■ MATERIAL FOR THIS TASK:
_____

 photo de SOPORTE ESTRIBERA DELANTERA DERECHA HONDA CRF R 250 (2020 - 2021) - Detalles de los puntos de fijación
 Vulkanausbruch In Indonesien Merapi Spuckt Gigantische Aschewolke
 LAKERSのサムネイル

_____

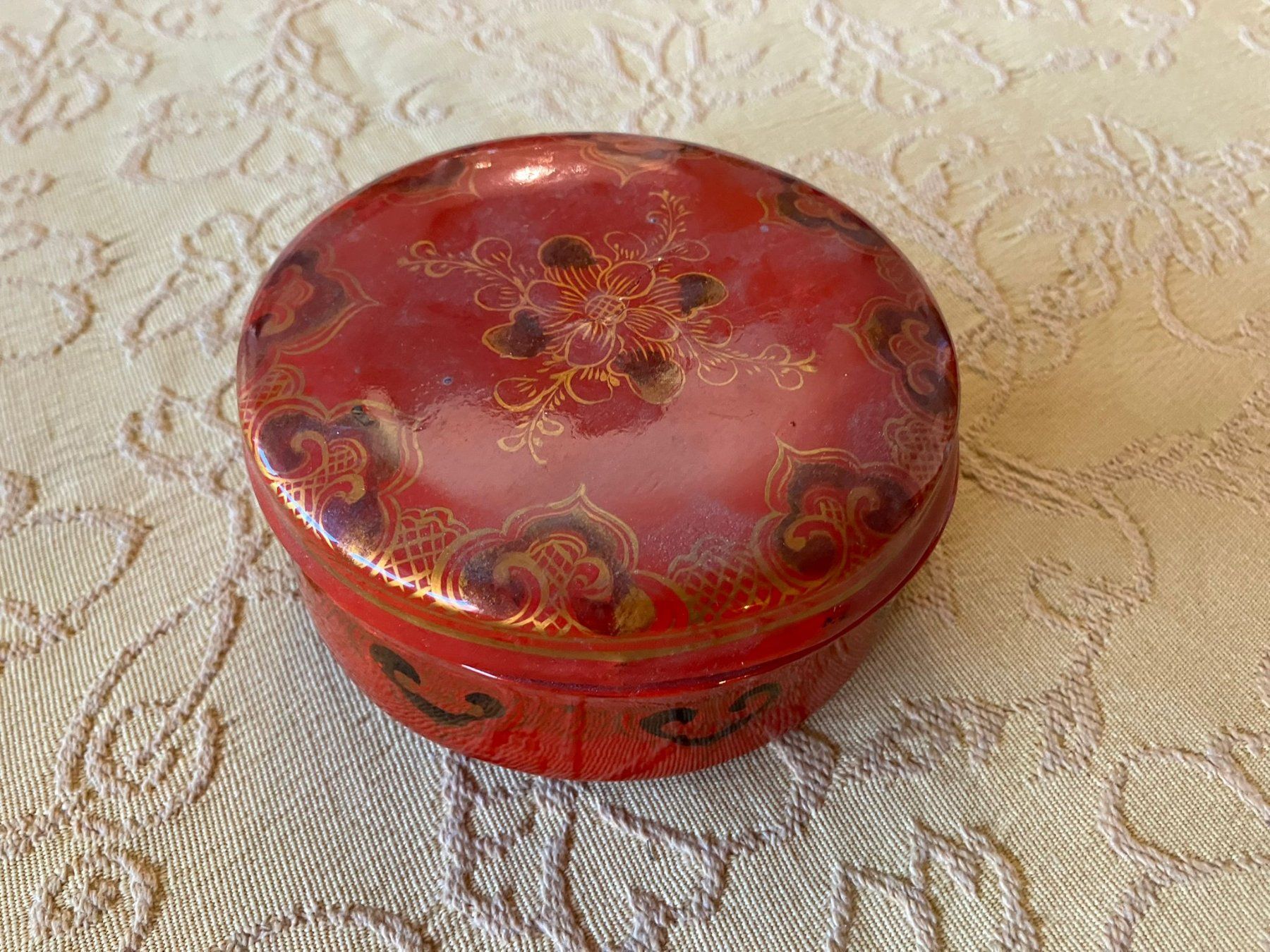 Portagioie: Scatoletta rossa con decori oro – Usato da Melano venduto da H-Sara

_____

■ WORK ORDER: Produce only the lines from the line containing "photo de SOPORTE" through the line containing "LAKERSのサムネイル", inclusive of both, exactly as they stand in the entries above.

■ SOLUTION:
 photo de SOPORTE ESTRIBERA DELANTERA DERECHA HONDA CRF R 250 (2020 - 2021) - Detalles de los puntos de fijación
 Vulkanausbruch In Indonesien Merapi Spuckt Gigantische Aschewolke
 LAKERSのサムネイル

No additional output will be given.